Last week Pfizer announced it would provide 50 of the world’s poorest countries with unlimited supplies of the anti-Aids drug, Diflucan, to treat patients free of charge.
Diflucan is an anti-fungal drug used to treat cryptococcal meningitis, a potentially fatal brain affliction which occurs in about one Aids sufferer in 10 in later stages of the disease.
The Aids facility hopes to improve HIV sufferers’ access to anti-retroviral drugs (ARV), and will use diagnostic technology to determine which ARV treatments are appropriate for Africa.

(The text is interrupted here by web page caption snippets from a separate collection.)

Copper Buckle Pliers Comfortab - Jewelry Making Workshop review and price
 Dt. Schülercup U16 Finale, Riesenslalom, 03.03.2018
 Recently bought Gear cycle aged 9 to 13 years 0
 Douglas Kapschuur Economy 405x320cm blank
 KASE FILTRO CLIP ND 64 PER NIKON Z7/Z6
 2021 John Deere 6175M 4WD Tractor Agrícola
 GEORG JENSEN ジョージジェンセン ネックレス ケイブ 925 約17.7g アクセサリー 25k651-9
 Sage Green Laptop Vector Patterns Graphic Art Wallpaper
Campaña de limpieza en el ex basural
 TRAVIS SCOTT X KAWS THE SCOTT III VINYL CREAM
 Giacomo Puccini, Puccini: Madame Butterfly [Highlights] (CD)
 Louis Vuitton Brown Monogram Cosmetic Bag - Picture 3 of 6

Only 1.2 % of about 810 000 persons living with the Aids in Uganda can afford ARV medicine that costs up to $100 a month in a country where the annual average per capita income is $340.
US and Ugandan scientists are currently negotiating with companies that manufacture ARVs to have supplies on hand when the clinic open its doors, project members said.
Jorrold Ellner, a professor of medicine at New Jersey Medical School, said the clinic “will have an influence far beyond the doctors trained in it and the patients it will treat.”
“It is a reverse pyramid, as each doctor can train dozens of other doctors, and each doctor can treat 200-300 Aids patients at any one time. Other centres could be established across the continent,” Ellner said.
Uganda’s Makerere University is also a joint sponsor of the project.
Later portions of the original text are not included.